Interviews

The SME that’s offering drivers and fleet managers a solution to a perennial problem

7 min read

26 October 2015

Innovative technology often takes a long time to get off the ground. Having spent years developing a new approach to testing tyre pressures, WheelRight is starting to gather momentum and attracting the attention of a number of major industry players.

“Build a better mousetrap and the world will beat a path to your door.” Everyone in business knows the phrase and some of the most successful companies in the world have been built on this simple premise.

Hoping to join them is Wheelright, an Oxford-based SME and developer of a patented technology that allows car, truck and bus drivers to measure their tyre pressures accurately within seconds – without them even having to get out of the vehicle. 

The instrument, which has won awards from the likes of analysts Frost & Sullivan, requires no kit on the vehicle and has already been adopted by bus companies and truck operators in the UK.

“Bringing a cutting edge technology to a conservative market such as transport has been a really tough road to follow, but we’re now making great progress,” said John Catling, CEO of WheelRight.

Following a 30-year career in industry in the UK and US, and a spell as divisional manager of a £100m company (plus time as an angel investor), Catling joined WheelRight in 2004 as an equity backer. However, he became increasingly involved in the company until it became his prime business focus.

Chairman Michael Taylor had already identified a technology that he believed could revolutionise the way drivers measured their vehicles’ tyre pressures. “We’ve successfully turned the dirty job of tyre pressure checking into an automated and convenient process – all drivers need to do to gain an accurate tyre pressure reading is to drive over it and wait 30 seconds for the results,” explained Catling.

The WheelRight team has spent the last 11 years working on R&D to get the product right. Things are now looking up for the business, which has had to overcome a number of challenges over the last ten years – particularly in the areas of technology development, funding and market adoption.

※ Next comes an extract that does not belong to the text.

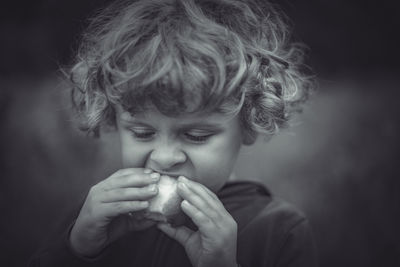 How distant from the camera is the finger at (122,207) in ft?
3.06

Initially, investment came from private investors – Catling, Taylor and various other angel supporters. Having developed a strong business proposition and a demonstrable technology, the company achieved backing via an Enterprise Investment Scheme (EIS) fund. In July 2014, Calculus Capital put £2.5m in the business, adding a further £1.4m in July this year.

“We’ve had to work hard to ensure that our drive-over instrument is robust and reliable in all conditions,” commented Catling. “We’ve undertaken countless presentations and meetings to secure funding for ongoing product development and had to combat surprisingly high levels of scepticism from the transport sector and central government alike. Having said that, our belief in our solution has never wavered and this commitment is finally paying off. It sounds trite, but I would advise other entrepreneurs with innovative ideas to stick to their guns and not be disheartened by knockbacks.”

Read some other of our recent profile pieces:

A pilot project at Keele Services on the M6, under the auspices of Highways England and Welcome Break Services, has provided the company with its biggest big break. This world-first market test, which is free to both car and HGV drivers, has created widespread awareness of the company’s technology and proved the effectiveness of its drive-over instrument. Reaction from both private motorists, HGV drivers, the police and highway authorities has been very encouraging, according to Catling.

This year has been one of significant growth for the business, which is now in the final stages of negotiation with a number of potential customers including European distribution businesses, fleet operators and bus companies. The business now employs 18 people, most of whom are highly qualified engineers or mathematicians, and is aiming to reach an annual turnover of £200,000 by the end of this year.

WheelRight has been successful because it has a unique, patented technology that provides drivers of trucks, buses and cars with a tangible benefit, it believes. Regularly checking the pressures of bus, truck and car tyres is a vital part of fleet management, but it can be onerous as any fleet manager knows. 

“In the case of large commercial vehicle fleets and buses, the economic argument is clear,” added Catling. “Our experience shows that one regional bus company saved over £30,000 a year by simply monitoring their tyre pressures properly. Our system takes the hassle away from an important vehicle check that should be done regularly. We can now measure tyre pressures every day, without any effort, so why wouldn’t you?”

WheelRight does not sell its product to customers, instead it has developed a rental model that includes after-sales support, to ensure users continue to enjoy new functionality as it becomes available.

Transport is a conservative sector, said Catling. “We’ve had to work hard to ensure our drive-over instrument is robust and reliable in all conditions. We’ve had to undertake countless presentations and meetings to secure funding for ongoing product development and had to combat surprisingly high levels of scepticism from some in the transport sector.”

WheelRight is already working with some of the biggest names in public transport and retail distribution and Catling, Taylor and the team are confident that they will now grow their customer base in the UK quickly. They’re also looking to expand our offer overseas to countries including the USA and mainland Europe. A better mousetrap? Only time will tell.